Come difendersi dall’avvocato disonesto

Come difendersi dall’avvocato disonesto

Come difendersi dall'avvocato disonesto

IL VADEMECUM

L’infedele patrocinio, cioè il tradimento del cliente in giudizio da parte del proprio avvocato, è un reato tra i più ignobili. Il cliente può difendersi nell’ambito delle vigenti Leggi.

ALCUNE BREVI INDICAZIONI:

può bene accadere, come può avvenire in ogni buona famiglia, che anche nella classe forense si possa incontrare un professionista disonesto od incapace, verso di questo resta fermo il diritto del cliente di procedere ad accertare la relativa responsabilità , anche penale; informatevi preventivamente sull’affidabilità  del legale, possibilmente presso suoi clienti, tenete presente che non sempre tariffe alte e studio importante sono garanzie di sicurezza; verificate l’interesse professionale dell’avvocato, fate un accordo scritto e pagate sempre con assegni, per avere prove nel caso d’eventuali contestazioni.

Non consegnate documenti originali senza avere in cambio una ricevuta, fornite solo fotocopie; intervenite alle udienze: se non è tutto chiaro chiedete formali spiegazioni a mezzo lettera raccomandata AR.

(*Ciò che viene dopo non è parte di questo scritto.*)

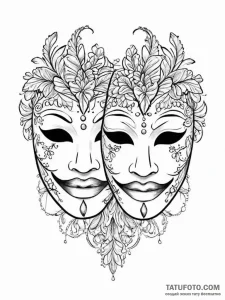 Tattoo design two halves of a theatre mask, o... - эскиз тату (№1754244799_0, 03.08.2025 18:13) — Tatufoto.com
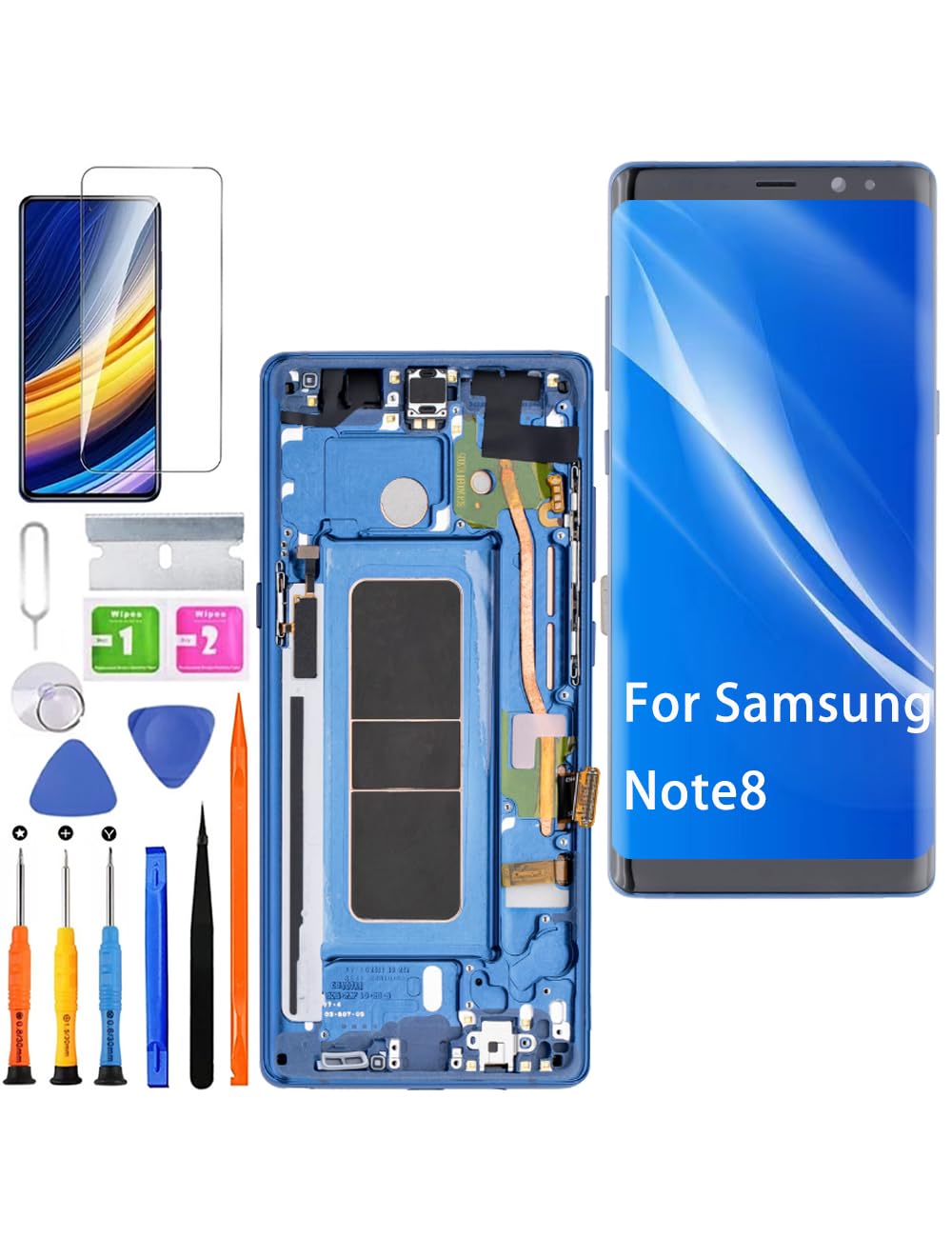 Pantalla para Samsung Note8 N950F N950U TFT Azul con Marco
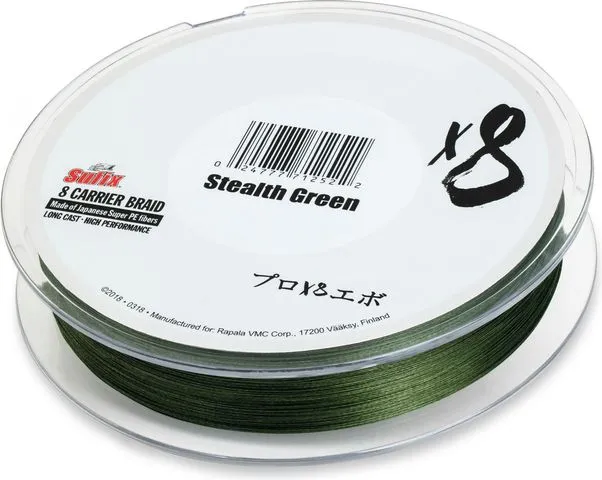 Sufix X8 Braided Line 0.128mm 6.9kg 150m Stealth Green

Imparate a consultare i Codici, parlate con altri avvocati ed eventualmente associateli alla difesa; diffidate dei continui rinvii, delle perizie tecniche incomplete, delle spiegazioni poco chiare, dei mancati interventi in udienza, e del mancato ritiro della sentenza, questa dopo un anno diviene irrevocabile; prestate attenzione alle fasi finali dell’istruttoria: udienza collegiale, deposito conclusioni, deposito replica.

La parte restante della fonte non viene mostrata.